About
This project started as a means to collect server power utilization for use by data center engineers, planners and designers to enable data driven decisions as it relates to deciding which make, model and configurations (CPU / Memory / GPU) to purchase as well as how to design, build, upgrade the data center and data center supporting infrastructure. As someone who would plan new installs, I needed to fully understand how much power a given system was capable of consuming in real life situations such as grid computing, general computing and virtualization.Think of this as "a product for data center professionals by a data center professional".
Over time this project has turned into an officially supported "program" where we regularly test and evaluate servers before purchase using demo units consisting of current and next generation gear to develop power utilization profiles.
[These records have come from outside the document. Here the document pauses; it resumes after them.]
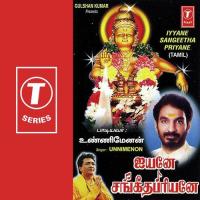 Kaayatha Kaanakatthe Unni Menon Song Download Mp3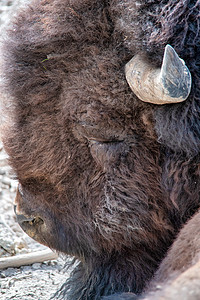 黄石公园的比森面孔近距离靠近野牛国家牛角公园野生动物黄色动物群旅游水牛哺乳动物图片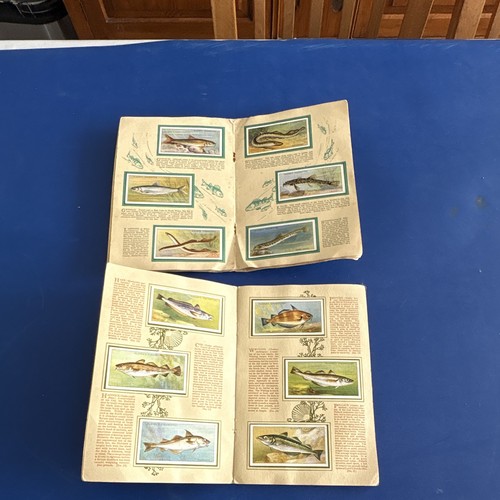 Vintage collectable - 2x,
The data, and its visualizations are now consumed at all levels of the data center and server management teams between engineers, managers and senior directors.
How it works:
We meet regularly with our server OEMs (HPE, Supermicro, Dell, Lenovo). New technologies and developments are a part of the discussions. This is where we decide on which gear we would like to evaluate before purchase.
- Evaluation servers are installed in racks dedicated to testing and evaluations and segregated from the production environment.
- Devices are brought online, and the baseline configurations are made in the onboard management (ILO, IDRAC, RIB, XCC, BMC). IPMI being one key piece that is configured.
- Devices are brought into Prometheus using the IPMI Exporter.
- In Grafana, I have configured the Prometheus data source and built a dashboard to visualize the data.
- Devices are then passed between teams dedicated to grid compute, general compute, virtualization and Windows / Unix where they will test their applications, evaluate performance of the system and their applications.
- Teams document their observations, tests performed and rather or not it provides value in comparison to the current systems in use.
- BIOS/UEFI settings changes, OS Imaging, application testing, and stress/performance testing is documented with timestamps and provide back and used annotate points in time in the Grafana dashboard.
- Data is provided to all stakeholders live as data is collected.